Relations during Apartheid
In 1931, South Africa became an independent nation after the passing of the Statute of Westminster. In 1938, the Netherlands and South Africa officially established diplomatic relations. During World War II (1939-1945) both nations fought as allies.

In 1948, the South African government, at the time representing only a small proportion of the population, erected a system of strict racial segregation and called it apartheid (separateness) which is a codified system of racial stratification which first began to take form in South Africa under the Dutch Empire in the late eighteenth century. Initially, the Dutch government was neutral to the apartheid government in South Africa. South Africa was one of only a handful of United Nations member states to support the Dutch view that the issues the Netherlands faced concerning the decolonization of Indonesia and the Netherlands New Guinea were of a 'domestic' nature and that the UN had no right to interfere. In 1949, during the visit of South African Prime Minister Daniel François Malan to the Netherlands, Dutch Queen Juliana told her guest that she would "never set foot in his country as long as apartheid reigned". In 1959 the Dutch representative to the UN abstained from voting for an anti-apartheid resolution, apartheid being regarded "an internal affair" of South Africa.

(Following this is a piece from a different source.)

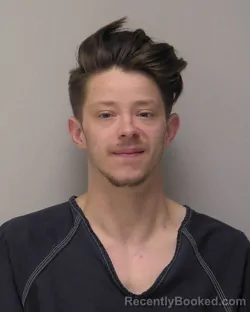 Mugshot of JEFFERY ALBERT Junior JOHNSTON booked in Hancock County, Ohio on March 29, 2026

In March 1960, relations between the Netherlands and South Africa became tense after the Sharpeville massacre when South African police shot and killed 69 people. In 1961, the Netherlands was the only Western country to vote in favor of an anti-apartheid resolution in the UN. Soon, Dutch anti-apartheid movements called the "Anti-Apartheid Beweging Nederland" (AABN), and "Kommittee Zuidelijk Afrika" (KZA) (both later merged and converted themselves into the "Nederlands Instituut voor Zuidelijk Afrika" (NIZA)) began staging demonstrations and obtaining signatures to protest against the South African government in the Netherlands. Further events in South Africa led the Dutch government to take more drastic measures such as requesting that all Dutch companies stop dealing with South Africa (however, Shell continued to operate in South Africa). In 1983, the Dutch government imposed visa requirements to South African nationals visiting the Netherlands.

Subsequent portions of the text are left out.